O que sabemos agora sobre Paulo Núncio, lamentavelmente, encaixa nesta má escolha de prioridades políticas, que vai para lá da evasão fiscal e representa também uma grave falha no combate ao branqueamento de capitais resultantes de atividades ilícitas. Grave, e ilegal — porque houve violação de direito nacional e europeu. O artigo 33 da IIIª Diretiva da UE contra a lavagem de dinheiro é claro: os estados-membros devem recolher anualmente os dados estatísticos de transferências para paraísos fiscais e “devem assegurar a publicação de uma revisão consolidada dos relatórios das referidas estatísticas”. Isto é de 2005, e passou a lei portuguesa em 2008. Se a Unidade de Informação Financeira da Polícia Judiciária recebia e tratava esses dados, por que não foram publicados, como mandava a lei, os relatórios anuais?

É difícil de acreditar que Núncio não soubesse desta responsabilidade. Afirmo-o com segurança porque, nesses anos, este era no seu pelouro o tema principal de discussão com as organizações europeias e internacionais, por causa da revisão da diretiva que foi discutida quando Núncio era responsável político (entre 2012 e 2014 — a IVª diretiva entrou em vigor em 2015) e pelo incremento de atividades do Grupo de Ação Financeira Internacional (FATF na sigla inglesa, do G8 e da OCDE), que é o principal órgão internacional de luta contra o branqueamento de capitais, e com o qual Portugal realizava “avaliações mútuas” que pararam desde 2011 (sem que eu consiga entender porquê).

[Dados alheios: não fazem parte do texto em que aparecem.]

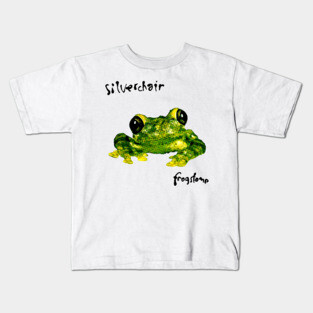 Silverchair-Frogstomp Kids T-Shirt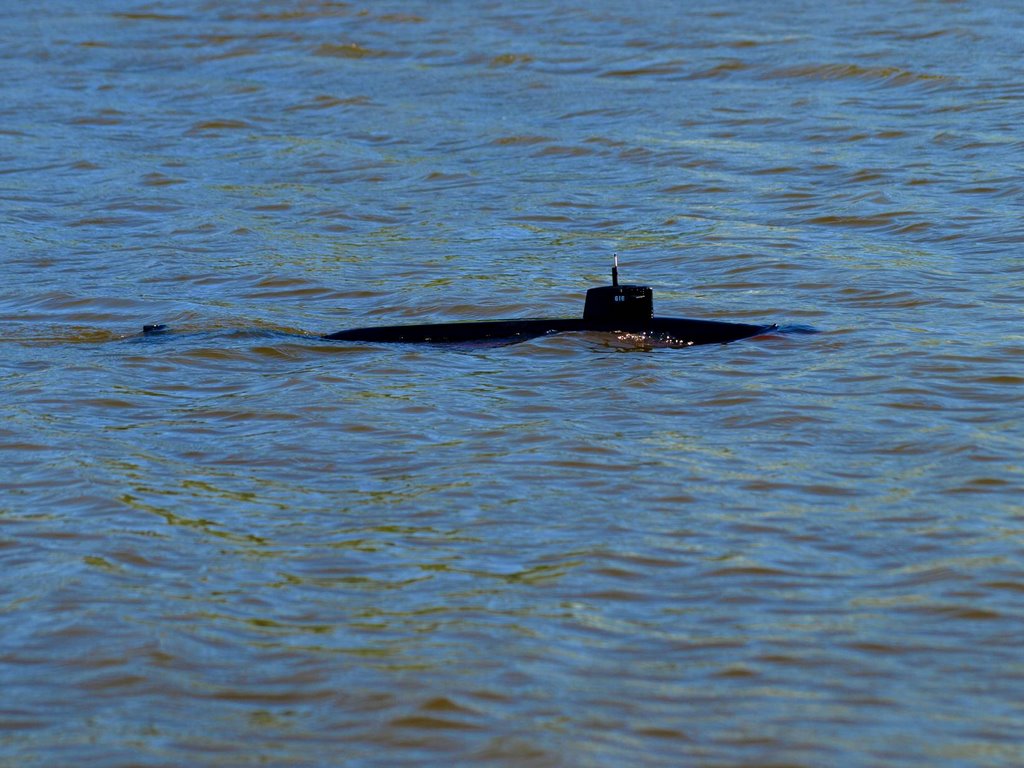 Submarine ...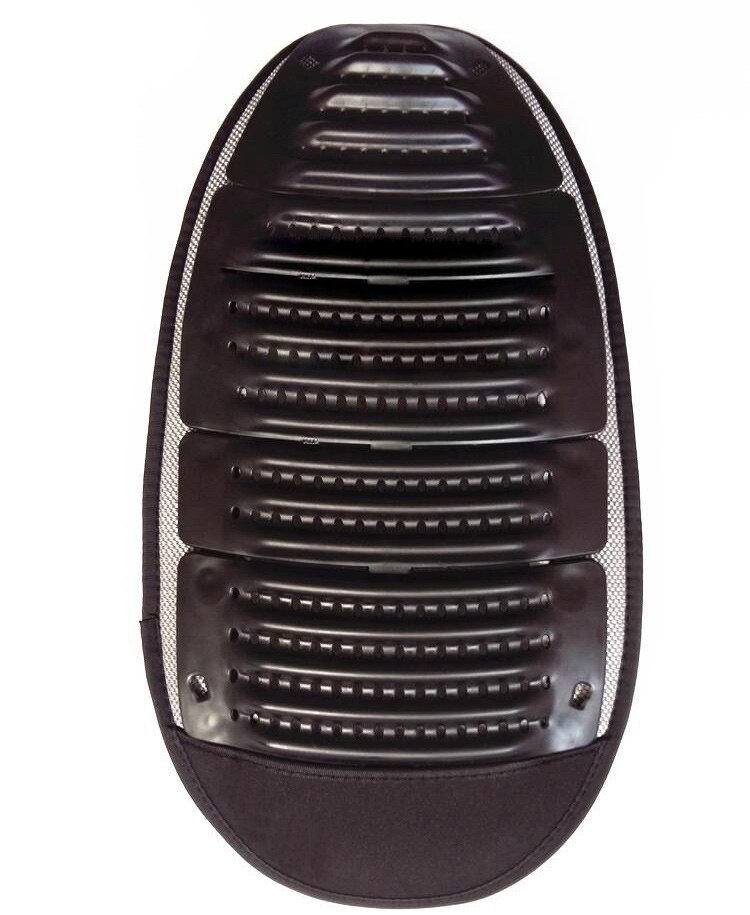 Protector de Motocross, ropa de armadura de motocicleta, defensa de espalda, chaqueta interior, protección de espalda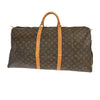 Louis Vuitton Keepall Bag Monogram Canvas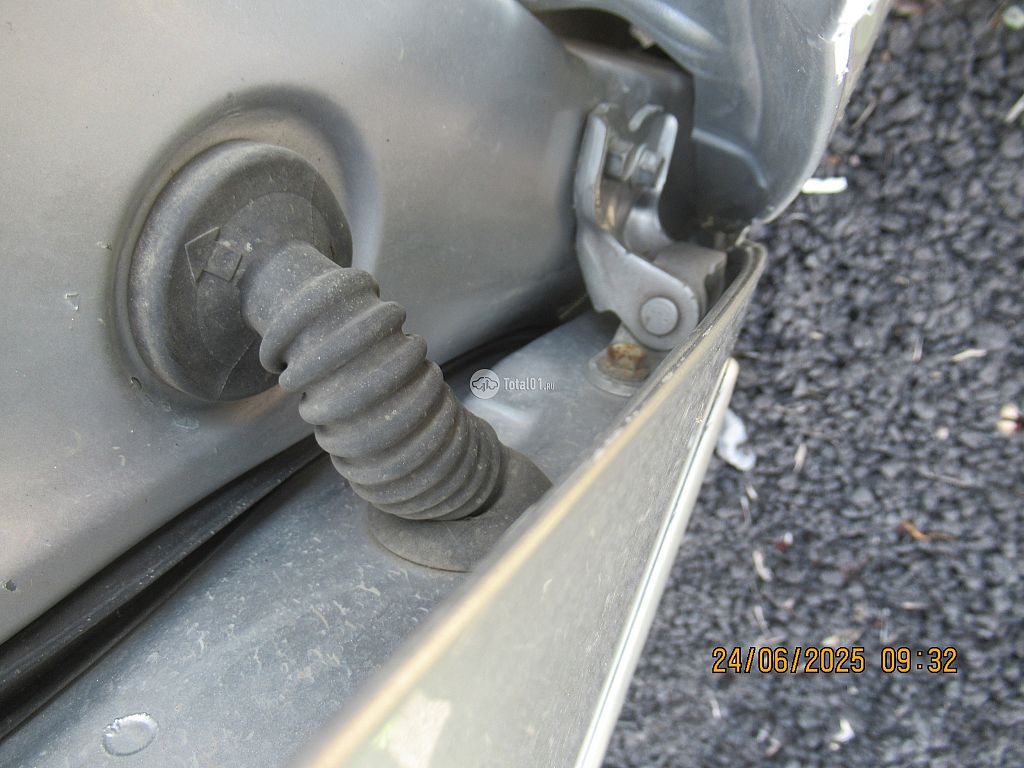 Фото Toyota Corolla Spacio 22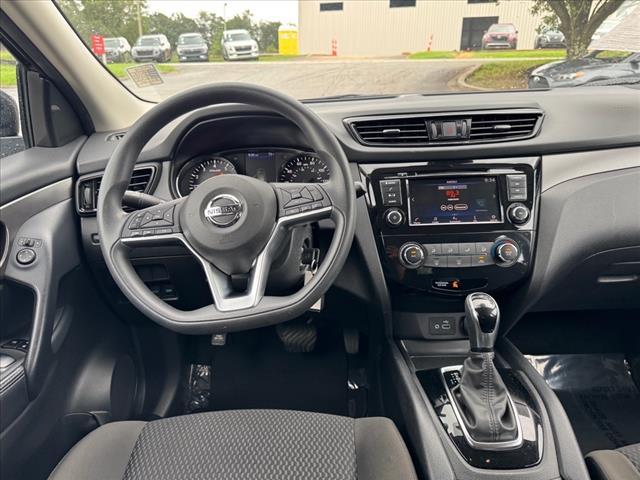 used 2022 Nissan Rogue Sport car, priced at $17,700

No mínimo, o que isto revela do governo PSD/CDS (e não só de Paulo Núncio) é que houve uma total negligência num assunto central à época para todas as organizações europeias e internacionais dedicadas ao combate à evasão fiscal e ao branqueamento de capitais. Quais as origens dessa negligência e quais as suas consequências legais é o que falta saber agora — e não pode deixar de ser investigado.